Venneti Naresh M, Ramakrishna Boddu S, Harris Zoee K, Kasmer Sydney C, Anderson Dennis P, Peraino Nicholas J, Westrick Judy A, Stockdill Jennifer L
Department of Chemistry, Wayne State University, Detroit, Michigan, USA.
Synthetic Molecule Design and Development, Eli Lilly and Company, Indianapolis, Indiana, USA.
J Pept Sci. 2025 Mar;31(3):e70003. doi: 10.1002/psc.70003.

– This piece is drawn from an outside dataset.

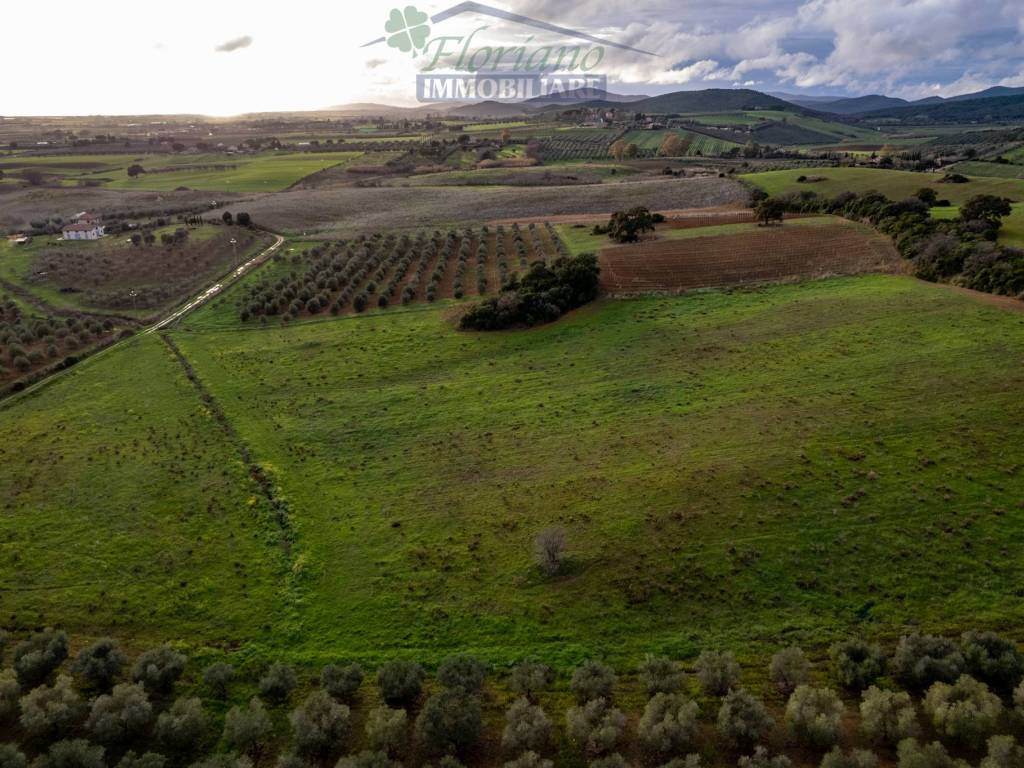 Terreno a Capalbio in Strada Cava del Gesso - Foto 3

A divergent synthesis strategy was developed for producing various anabaenopeptins (AP) for harmful algal bloom monitoring. The synthesis involved on-resin stepwise pentapeptide assembly on a MeDbz linker then N-α-ureido amino acid attachment and cyclization. To manage N-methylated amino acids, modified coupling conditions were employed. Lysine's ε-amino group reacted with the activated MeDbz linker in a self-cleaving head-to-side chain cyclization. Cyclization conditions were optimized by screening different pH levels to control lysine α-amine cyclization and prevent hydrolysis. Global cleavage and purification afforded the pure anabaenopeptins. This approach proved effective as a general platform for anabaenopeptin synthesis, allowing rapid access to anabaenopeptins A, B, F, and oscillamide Y.
开发了一种发散合成策略,用于生产各种鱼腥藻毒素(AP)以监测有害藻华。该合成过程包括在MeDbz连接体上进行树脂上的逐步五肽组装,然后连接N-α-脲基氨基酸并环化。为了处理N-甲基化氨基酸,采用了改良的偶联条件。赖氨酸的ε-氨基在自切割的头对侧链环化反应中与活化的MeDbz连接体发生反应。通过筛选不同的pH水平来优化环化条件,以控制赖氨酸α-胺的环化并防止水解。整体切割和纯化得到了纯净的鱼腥藻毒素。该方法被证明是一种有效的鱼腥藻毒素合成通用平台,能够快速获得鱼腥藻毒素A、B、F和振荡酰胺Y。